§ Collected data entries
——
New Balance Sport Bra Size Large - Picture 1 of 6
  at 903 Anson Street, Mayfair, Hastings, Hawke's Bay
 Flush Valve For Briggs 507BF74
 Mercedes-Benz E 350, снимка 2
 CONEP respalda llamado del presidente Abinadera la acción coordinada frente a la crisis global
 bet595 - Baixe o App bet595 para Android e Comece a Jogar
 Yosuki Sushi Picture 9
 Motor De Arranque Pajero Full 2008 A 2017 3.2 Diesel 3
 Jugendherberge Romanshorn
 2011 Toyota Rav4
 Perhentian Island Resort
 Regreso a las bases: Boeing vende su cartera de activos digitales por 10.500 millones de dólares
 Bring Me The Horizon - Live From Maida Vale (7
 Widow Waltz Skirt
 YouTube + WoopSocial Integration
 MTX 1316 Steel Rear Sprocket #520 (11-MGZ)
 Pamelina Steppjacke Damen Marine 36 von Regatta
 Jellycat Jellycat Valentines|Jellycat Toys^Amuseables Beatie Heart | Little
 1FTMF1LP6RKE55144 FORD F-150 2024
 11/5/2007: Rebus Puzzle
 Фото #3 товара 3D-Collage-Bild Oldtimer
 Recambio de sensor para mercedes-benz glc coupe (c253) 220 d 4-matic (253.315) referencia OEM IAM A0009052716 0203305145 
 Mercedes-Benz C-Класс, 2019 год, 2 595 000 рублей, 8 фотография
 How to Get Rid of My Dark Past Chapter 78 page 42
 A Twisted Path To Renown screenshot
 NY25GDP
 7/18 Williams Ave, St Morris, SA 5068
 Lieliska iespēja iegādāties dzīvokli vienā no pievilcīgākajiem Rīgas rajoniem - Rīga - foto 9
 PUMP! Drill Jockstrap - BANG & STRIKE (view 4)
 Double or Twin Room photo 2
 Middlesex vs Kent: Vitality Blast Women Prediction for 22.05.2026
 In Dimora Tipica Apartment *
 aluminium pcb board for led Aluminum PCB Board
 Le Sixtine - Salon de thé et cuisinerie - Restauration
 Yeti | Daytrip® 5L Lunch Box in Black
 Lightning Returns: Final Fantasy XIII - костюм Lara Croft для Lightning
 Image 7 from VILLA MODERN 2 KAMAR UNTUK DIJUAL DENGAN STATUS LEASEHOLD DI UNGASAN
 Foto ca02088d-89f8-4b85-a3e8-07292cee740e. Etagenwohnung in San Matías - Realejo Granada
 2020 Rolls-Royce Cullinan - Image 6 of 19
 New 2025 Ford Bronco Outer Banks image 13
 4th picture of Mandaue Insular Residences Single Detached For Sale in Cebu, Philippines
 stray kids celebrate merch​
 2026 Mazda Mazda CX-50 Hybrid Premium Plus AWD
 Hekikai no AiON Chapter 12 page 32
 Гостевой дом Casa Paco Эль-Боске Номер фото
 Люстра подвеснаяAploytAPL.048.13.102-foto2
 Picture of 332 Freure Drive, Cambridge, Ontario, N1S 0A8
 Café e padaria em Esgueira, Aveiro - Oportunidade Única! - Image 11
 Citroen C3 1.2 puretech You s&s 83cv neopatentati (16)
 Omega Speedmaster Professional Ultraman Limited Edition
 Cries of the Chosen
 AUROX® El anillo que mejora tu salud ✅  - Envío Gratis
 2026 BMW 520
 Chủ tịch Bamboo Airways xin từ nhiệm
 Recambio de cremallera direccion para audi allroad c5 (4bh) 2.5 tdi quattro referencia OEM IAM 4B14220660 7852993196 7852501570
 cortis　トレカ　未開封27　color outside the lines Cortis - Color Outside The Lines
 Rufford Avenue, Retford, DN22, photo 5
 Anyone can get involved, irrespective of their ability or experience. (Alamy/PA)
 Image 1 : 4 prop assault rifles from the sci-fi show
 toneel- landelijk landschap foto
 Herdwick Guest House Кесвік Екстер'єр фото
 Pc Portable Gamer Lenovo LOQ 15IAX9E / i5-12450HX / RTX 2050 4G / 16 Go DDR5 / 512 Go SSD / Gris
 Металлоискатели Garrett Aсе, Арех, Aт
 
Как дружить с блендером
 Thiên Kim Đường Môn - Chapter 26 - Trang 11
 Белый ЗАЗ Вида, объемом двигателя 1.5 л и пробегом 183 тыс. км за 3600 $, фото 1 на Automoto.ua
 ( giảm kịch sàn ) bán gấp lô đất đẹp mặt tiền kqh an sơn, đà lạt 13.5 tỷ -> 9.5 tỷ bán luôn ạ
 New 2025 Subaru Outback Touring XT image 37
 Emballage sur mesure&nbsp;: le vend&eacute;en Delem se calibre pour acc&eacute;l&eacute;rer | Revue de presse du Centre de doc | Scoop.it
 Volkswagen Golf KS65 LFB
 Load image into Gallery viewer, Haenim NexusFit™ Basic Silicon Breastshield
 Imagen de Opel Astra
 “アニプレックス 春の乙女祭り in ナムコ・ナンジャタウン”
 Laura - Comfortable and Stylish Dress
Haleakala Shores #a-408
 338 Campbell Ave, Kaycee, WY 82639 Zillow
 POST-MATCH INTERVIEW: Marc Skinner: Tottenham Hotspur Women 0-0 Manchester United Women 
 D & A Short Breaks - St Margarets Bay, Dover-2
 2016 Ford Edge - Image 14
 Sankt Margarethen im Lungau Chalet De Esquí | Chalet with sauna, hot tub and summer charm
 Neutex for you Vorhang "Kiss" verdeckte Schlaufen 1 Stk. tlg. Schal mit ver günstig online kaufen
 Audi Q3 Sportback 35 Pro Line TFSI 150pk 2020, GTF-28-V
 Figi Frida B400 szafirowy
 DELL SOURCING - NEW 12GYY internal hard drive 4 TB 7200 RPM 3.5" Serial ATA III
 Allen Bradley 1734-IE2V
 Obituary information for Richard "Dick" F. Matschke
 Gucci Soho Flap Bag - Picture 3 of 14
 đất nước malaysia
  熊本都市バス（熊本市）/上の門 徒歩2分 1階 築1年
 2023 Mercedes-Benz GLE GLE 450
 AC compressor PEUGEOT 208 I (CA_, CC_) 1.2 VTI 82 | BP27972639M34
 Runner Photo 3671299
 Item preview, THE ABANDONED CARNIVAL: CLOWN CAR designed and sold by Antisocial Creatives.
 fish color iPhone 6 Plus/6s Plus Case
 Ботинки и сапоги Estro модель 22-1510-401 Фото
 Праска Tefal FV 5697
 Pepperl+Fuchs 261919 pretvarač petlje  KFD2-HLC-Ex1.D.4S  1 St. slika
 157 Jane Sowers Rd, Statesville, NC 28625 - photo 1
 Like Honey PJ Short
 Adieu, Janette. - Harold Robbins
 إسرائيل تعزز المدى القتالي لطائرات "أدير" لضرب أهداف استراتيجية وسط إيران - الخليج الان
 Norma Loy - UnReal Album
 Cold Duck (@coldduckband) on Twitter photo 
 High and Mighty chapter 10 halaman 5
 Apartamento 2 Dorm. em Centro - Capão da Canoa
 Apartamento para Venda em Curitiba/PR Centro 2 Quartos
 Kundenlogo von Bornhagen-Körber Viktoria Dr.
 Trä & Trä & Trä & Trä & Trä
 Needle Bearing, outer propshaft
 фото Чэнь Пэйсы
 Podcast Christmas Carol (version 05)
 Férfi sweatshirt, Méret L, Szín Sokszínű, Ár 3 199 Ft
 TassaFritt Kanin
——
§ Work required
Reproduce each entry from the records above, character for character.

§ Response to this exercise
New Balance Sport Bra Size Large - Picture 1 of 6
  at 903 Anson Street, Mayfair, Hastings, Hawke's Bay
 Flush Valve For Briggs 507BF74
 Mercedes-Benz E 350, снимка 2
 CONEP respalda llamado del presidente Abinadera la acción coordinada frente a la crisis global
 bet595 - Baixe o App bet595 para Android e Comece a Jogar
 Yosuki Sushi Picture 9
 Motor De Arranque Pajero Full 2008 A 2017 3.2 Diesel 3
 Jugendherberge Romanshorn
 2011 Toyota Rav4
 Perhentian Island Resort
 Regreso a las bases: Boeing vende su cartera de activos digitales por 10.500 millones de dólares
 Bring Me The Horizon - Live From Maida Vale (7
 Widow Waltz Skirt
 YouTube + WoopSocial Integration
 MTX 1316 Steel Rear Sprocket #520 (11-MGZ)
 Pamelina Steppjacke Damen Marine 36 von Regatta
 Jellycat Jellycat Valentines|Jellycat Toys^Amuseables Beatie Heart | Little
 1FTMF1LP6RKE55144 FORD F-150 2024
 11/5/2007: Rebus Puzzle
 Фото #3 товара 3D-Collage-Bild Oldtimer
 Recambio de sensor para mercedes-benz glc coupe (c253) 220 d 4-matic (253.315) referencia OEM IAM A0009052716 0203305145 
 Mercedes-Benz C-Класс, 2019 год, 2 595 000 рублей, 8 фотография
 How to Get Rid of My Dark Past Chapter 78 page 42
 A Twisted Path To Renown screenshot
 NY25GDP
 7/18 Williams Ave, St Morris, SA 5068
 Lieliska iespēja iegādāties dzīvokli vienā no pievilcīgākajiem Rīgas rajoniem - Rīga - foto 9
 PUMP! Drill Jockstrap - BANG & STRIKE (view 4)
 Double or Twin Room photo 2
 Middlesex vs Kent: Vitality Blast Women Prediction for 22.05.2026
 In Dimora Tipica Apartment *
 aluminium pcb board for led Aluminum PCB Board
 Le Sixtine - Salon de thé et cuisinerie - Restauration
 Yeti | Daytrip® 5L Lunch Box in Black
 Lightning Returns: Final Fantasy XIII - костюм Lara Croft для Lightning
 Image 7 from VILLA MODERN 2 KAMAR UNTUK DIJUAL DENGAN STATUS LEASEHOLD DI UNGASAN
 Foto ca02088d-89f8-4b85-a3e8-07292cee740e. Etagenwohnung in San Matías - Realejo Granada
 2020 Rolls-Royce Cullinan - Image 6 of 19
 New 2025 Ford Bronco Outer Banks image 13
 4th picture of Mandaue Insular Residences Single Detached For Sale in Cebu, Philippines
 stray kids celebrate merch​
 2026 Mazda Mazda CX-50 Hybrid Premium Plus AWD
 Hekikai no AiON Chapter 12 page 32
 Гостевой дом Casa Paco Эль-Боске Номер фото
 Люстра подвеснаяAploytAPL.048.13.102-foto2
 Picture of 332 Freure Drive, Cambridge, Ontario, N1S 0A8
 Café e padaria em Esgueira, Aveiro - Oportunidade Única! - Image 11
 Citroen C3 1.2 puretech You s&s 83cv neopatentati (16)
 Omega Speedmaster Professional Ultraman Limited Edition
 Cries of the Chosen
 AUROX® El anillo que mejora tu salud ✅  - Envío Gratis
 2026 BMW 520
 Chủ tịch Bamboo Airways xin từ nhiệm
 Recambio de cremallera direccion para audi allroad c5 (4bh) 2.5 tdi quattro referencia OEM IAM 4B14220660 7852993196 7852501570
 cortis　トレカ　未開封27　color outside the lines Cortis - Color Outside The Lines
 Rufford Avenue, Retford, DN22, photo 5
 Anyone can get involved, irrespective of their ability or experience. (Alamy/PA)
 Image 1 : 4 prop assault rifles from the sci-fi show
 toneel- landelijk landschap foto
 Herdwick Guest House Кесвік Екстер'єр фото
 Pc Portable Gamer Lenovo LOQ 15IAX9E / i5-12450HX / RTX 2050 4G / 16 Go DDR5 / 512 Go SSD / Gris
 Металлоискатели Garrett Aсе, Арех, Aт
 
Как дружить с блендером
 Thiên Kim Đường Môn - Chapter 26 - Trang 11
 Белый ЗАЗ Вида, объемом двигателя 1.5 л и пробегом 183 тыс. км за 3600 $, фото 1 на Automoto.ua
 ( giảm kịch sàn ) bán gấp lô đất đẹp mặt tiền kqh an sơn, đà lạt 13.5 tỷ -> 9.5 tỷ bán luôn ạ
 New 2025 Subaru Outback Touring XT image 37
 Emballage sur mesure&nbsp;: le vend&eacute;en Delem se calibre pour acc&eacute;l&eacute;rer | Revue de presse du Centre de doc | Scoop.it
 Volkswagen Golf KS65 LFB
 Load image into Gallery viewer, Haenim NexusFit™ Basic Silicon Breastshield
 Imagen de Opel Astra
 “アニプレックス 春の乙女祭り in ナムコ・ナンジャタウン”
 Laura - Comfortable and Stylish Dress
Haleakala Shores #a-408
 338 Campbell Ave, Kaycee, WY 82639 Zillow
 POST-MATCH INTERVIEW: Marc Skinner: Tottenham Hotspur Women 0-0 Manchester United Women 
 D & A Short Breaks - St Margarets Bay, Dover-2
 2016 Ford Edge - Image 14
 Sankt Margarethen im Lungau Chalet De Esquí | Chalet with sauna, hot tub and summer charm
 Neutex for you Vorhang "Kiss" verdeckte Schlaufen 1 Stk. tlg. Schal mit ver günstig online kaufen
 Audi Q3 Sportback 35 Pro Line TFSI 150pk 2020, GTF-28-V
 Figi Frida B400 szafirowy
 DELL SOURCING - NEW 12GYY internal hard drive 4 TB 7200 RPM 3.5" Serial ATA III
 Allen Bradley 1734-IE2V
 Obituary information for Richard "Dick" F. Matschke
 Gucci Soho Flap Bag - Picture 3 of 14
 đất nước malaysia
  熊本都市バス（熊本市）/上の門 徒歩2分 1階 築1年
 2023 Mercedes-Benz GLE GLE 450
 AC compressor PEUGEOT 208 I (CA_, CC_) 1.2 VTI 82 | BP27972639M34
 Runner Photo 3671299
 Item preview, THE ABANDONED CARNIVAL: CLOWN CAR designed and sold by Antisocial Creatives.
 fish color iPhone 6 Plus/6s Plus Case
 Ботинки и сапоги Estro модель 22-1510-401 Фото
 Праска Tefal FV 5697
 Pepperl+Fuchs 261919 pretvarač petlje  KFD2-HLC-Ex1.D.4S  1 St. slika
 157 Jane Sowers Rd, Statesville, NC 28625 - photo 1
 Like Honey PJ Short
 Adieu, Janette. - Harold Robbins
 إسرائيل تعزز المدى القتالي لطائرات "أدير" لضرب أهداف استراتيجية وسط إيران - الخليج الان
 Norma Loy - UnReal Album
 Cold Duck (@coldduckband) on Twitter photo 
 High and Mighty chapter 10 halaman 5
 Apartamento 2 Dorm. em Centro - Capão da Canoa
 Apartamento para Venda em Curitiba/PR Centro 2 Quartos
 Kundenlogo von Bornhagen-Körber Viktoria Dr.
 Trä & Trä & Trä & Trä & Trä
 Needle Bearing, outer propshaft
 фото Чэнь Пэйсы
 Podcast Christmas Carol (version 05)
 Férfi sweatshirt, Méret L, Szín Sokszínű, Ár 3 199 Ft
 TassaFritt Kanin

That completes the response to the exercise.